▸ Aim of the task
Set down the data again word for word. Skip any pictures.

▸ Recorded information
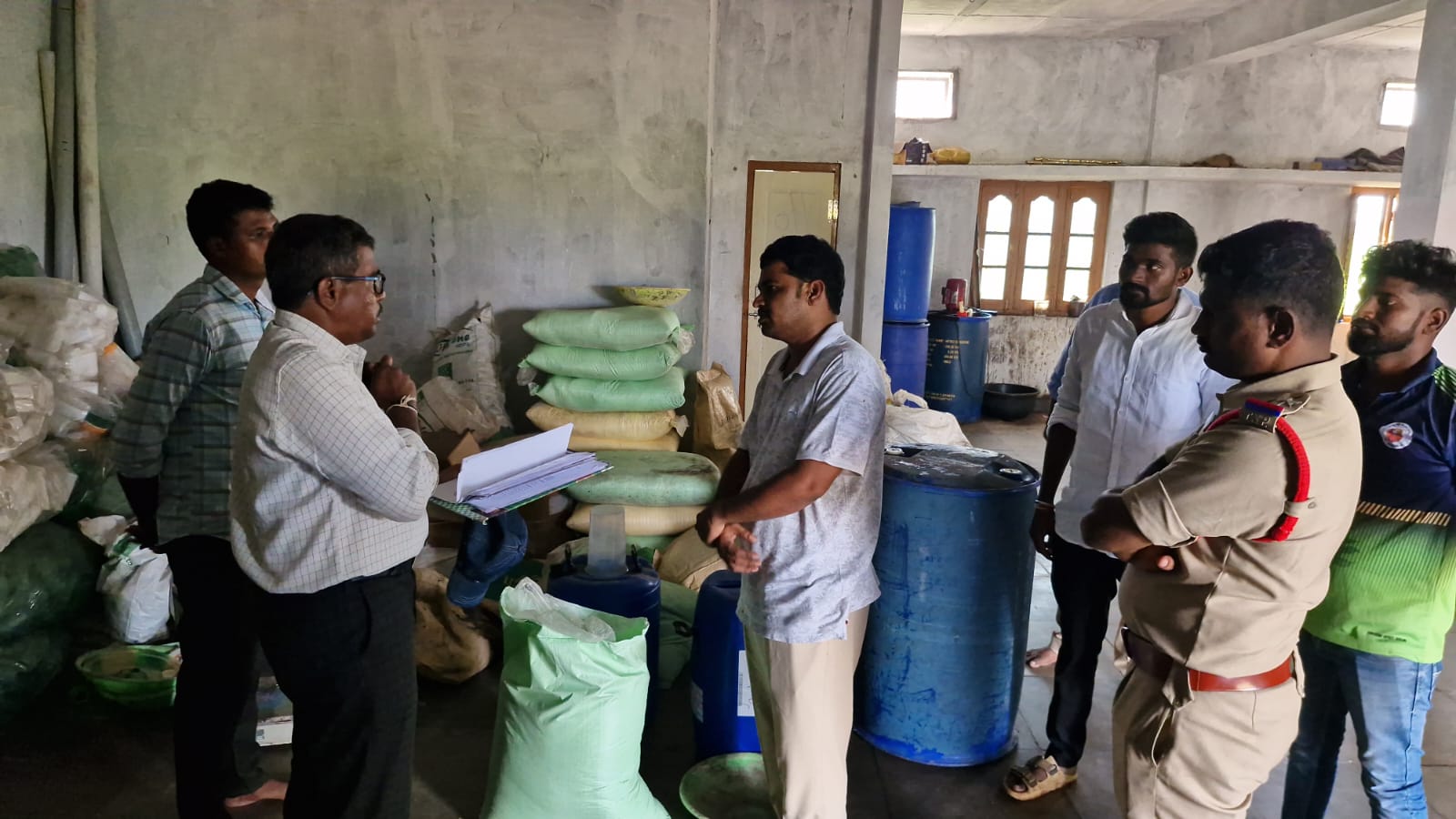 పులికల్ గ్రామంలో నకిలీ పురుగుల మందు తయారీ కేంద్రం గుట్టురట్టు15ఏళ్లుగా కోట్లలో సంపాదనఅధికారుల కనుసన్నల్లోనే నకిలీ మందులు తయారీఅధికారులపై కలెక్టర్ కు ఫిర్యాదు చేయడంతో దాడులు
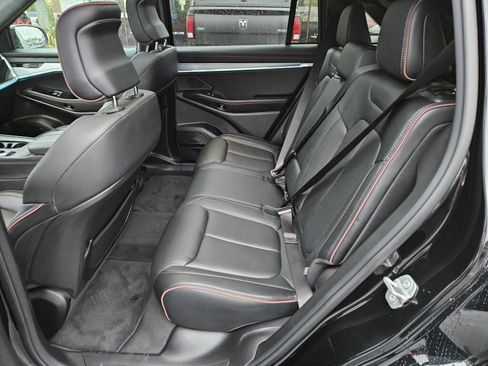 Used 2024 Jeep Wagoneer Launch Edition image 16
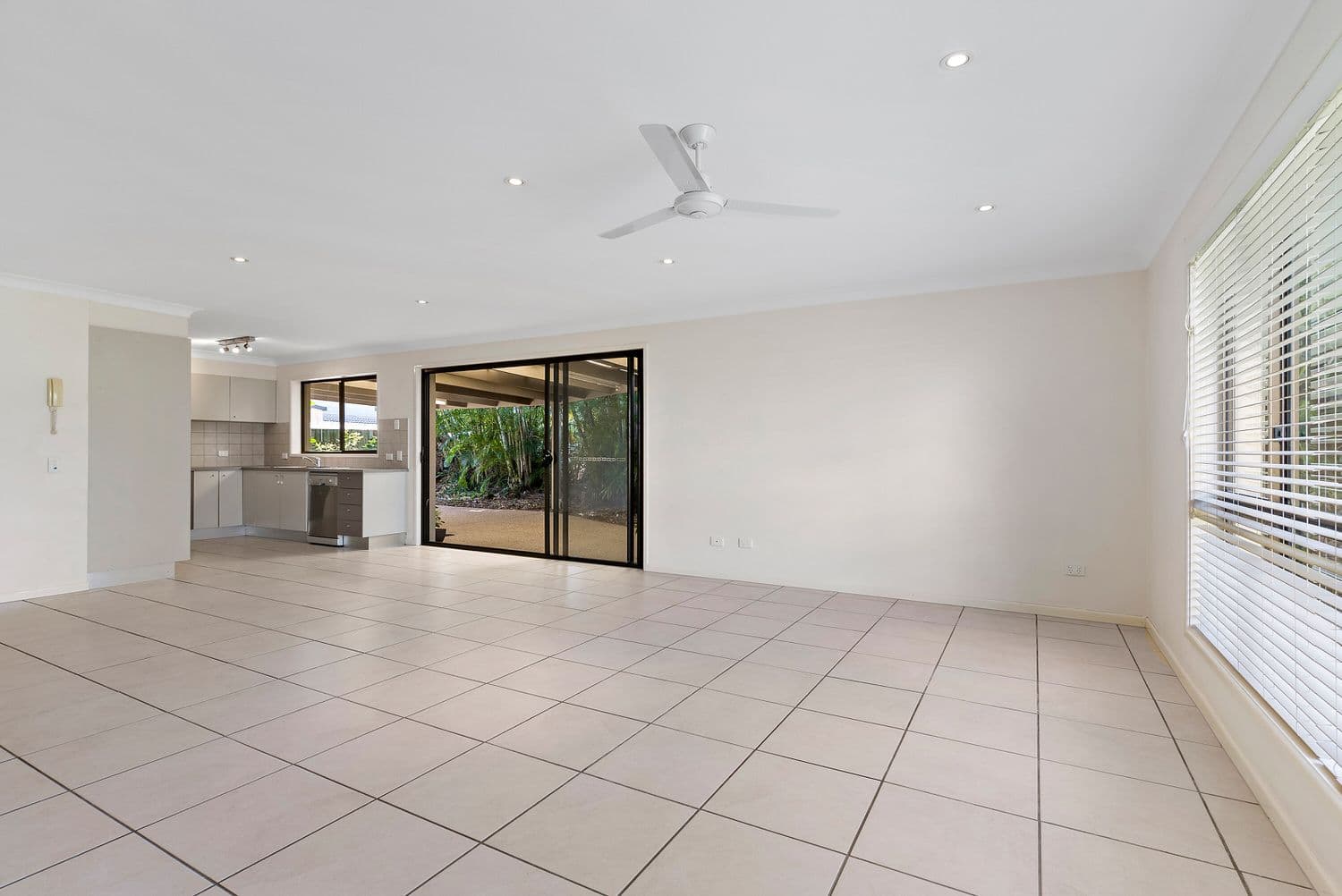 40 Balyarta Crescent, Mooloolaba QLD 4557, Mooloolaba - Thumbnail 3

▸ Answer to this exercise
 పులికల్ గ్రామంలో నకిలీ పురుగుల మందు తయారీ కేంద్రం గుట్టురట్టు15ఏళ్లుగా కోట్లలో సంపాదనఅధికారుల కనుసన్నల్లోనే నకిలీ మందులు తయారీఅధికారులపై కలెక్టర్ కు ఫిర్యాదు చేయడంతో దాడులు
 Used 2024 Jeep Wagoneer Launch Edition image 16
 40 Balyarta Crescent, Mooloolaba QLD 4557, Mooloolaba - Thumbnail 3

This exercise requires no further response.